● **Problem**
When you find the line with "Tissu matelassé réversible - Beige" among the records below, reproduce it and each line after it exactly, ending with the line with "Yamicsoft Windows 8 Manager 1.0.8".

Web page caption snippets
== Segment start ==
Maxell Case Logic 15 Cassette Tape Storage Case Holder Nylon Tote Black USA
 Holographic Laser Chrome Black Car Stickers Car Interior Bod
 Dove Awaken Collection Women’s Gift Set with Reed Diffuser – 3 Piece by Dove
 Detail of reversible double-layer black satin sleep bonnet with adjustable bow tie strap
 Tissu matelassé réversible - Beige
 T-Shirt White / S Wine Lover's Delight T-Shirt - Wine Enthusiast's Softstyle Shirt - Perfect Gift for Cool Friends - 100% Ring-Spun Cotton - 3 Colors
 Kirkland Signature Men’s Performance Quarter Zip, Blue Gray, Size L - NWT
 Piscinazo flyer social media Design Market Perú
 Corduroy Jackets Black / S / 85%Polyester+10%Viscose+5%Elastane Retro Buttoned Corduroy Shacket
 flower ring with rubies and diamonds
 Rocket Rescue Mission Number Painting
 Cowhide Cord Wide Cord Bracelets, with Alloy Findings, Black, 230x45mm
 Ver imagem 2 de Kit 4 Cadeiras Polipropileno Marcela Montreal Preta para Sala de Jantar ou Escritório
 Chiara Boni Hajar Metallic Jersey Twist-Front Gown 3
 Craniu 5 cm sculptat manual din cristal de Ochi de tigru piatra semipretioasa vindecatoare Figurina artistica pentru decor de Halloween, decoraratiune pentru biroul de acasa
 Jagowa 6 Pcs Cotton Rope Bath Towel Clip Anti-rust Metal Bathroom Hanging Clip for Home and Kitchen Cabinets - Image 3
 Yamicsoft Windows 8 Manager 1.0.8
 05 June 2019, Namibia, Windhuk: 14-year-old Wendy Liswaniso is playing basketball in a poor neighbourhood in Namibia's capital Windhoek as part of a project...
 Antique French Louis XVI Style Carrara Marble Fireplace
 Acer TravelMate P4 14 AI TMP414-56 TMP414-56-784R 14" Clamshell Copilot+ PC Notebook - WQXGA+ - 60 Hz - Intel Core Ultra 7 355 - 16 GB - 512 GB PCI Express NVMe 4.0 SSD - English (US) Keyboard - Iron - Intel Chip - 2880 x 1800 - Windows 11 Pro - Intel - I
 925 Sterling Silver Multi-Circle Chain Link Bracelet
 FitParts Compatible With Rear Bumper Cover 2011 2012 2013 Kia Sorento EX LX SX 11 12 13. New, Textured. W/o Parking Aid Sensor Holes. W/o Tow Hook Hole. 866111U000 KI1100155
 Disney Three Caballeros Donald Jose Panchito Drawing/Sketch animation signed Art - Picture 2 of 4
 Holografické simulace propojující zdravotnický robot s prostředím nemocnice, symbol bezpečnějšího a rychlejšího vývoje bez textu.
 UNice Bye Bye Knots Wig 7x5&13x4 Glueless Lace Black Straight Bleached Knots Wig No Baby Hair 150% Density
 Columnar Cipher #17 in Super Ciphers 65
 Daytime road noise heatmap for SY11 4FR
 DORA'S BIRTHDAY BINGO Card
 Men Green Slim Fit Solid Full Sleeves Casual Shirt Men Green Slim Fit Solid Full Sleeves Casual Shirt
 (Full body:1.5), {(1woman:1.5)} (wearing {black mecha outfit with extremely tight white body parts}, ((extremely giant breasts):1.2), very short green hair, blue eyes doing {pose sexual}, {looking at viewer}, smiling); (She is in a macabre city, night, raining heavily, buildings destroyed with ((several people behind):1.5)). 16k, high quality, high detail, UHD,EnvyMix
== Segment end ==
● **Response**
 Tissu matelassé réversible - Beige
 T-Shirt White / S Wine Lover's Delight T-Shirt - Wine Enthusiast's Softstyle Shirt - Perfect Gift for Cool Friends - 100% Ring-Spun Cotton - 3 Colors
 Kirkland Signature Men’s Performance Quarter Zip, Blue Gray, Size L - NWT
 Piscinazo flyer social media Design Market Perú
 Corduroy Jackets Black / S / 85%Polyester+10%Viscose+5%Elastane Retro Buttoned Corduroy Shacket
 flower ring with rubies and diamonds
 Rocket Rescue Mission Number Painting
 Cowhide Cord Wide Cord Bracelets, with Alloy Findings, Black, 230x45mm
 Ver imagem 2 de Kit 4 Cadeiras Polipropileno Marcela Montreal Preta para Sala de Jantar ou Escritório
 Chiara Boni Hajar Metallic Jersey Twist-Front Gown 3
 Craniu 5 cm sculptat manual din cristal de Ochi de tigru piatra semipretioasa vindecatoare Figurina artistica pentru decor de Halloween, decoraratiune pentru biroul de acasa
 Jagowa 6 Pcs Cotton Rope Bath Towel Clip Anti-rust Metal Bathroom Hanging Clip for Home and Kitchen Cabinets - Image 3
 Yamicsoft Windows 8 Manager 1.0.8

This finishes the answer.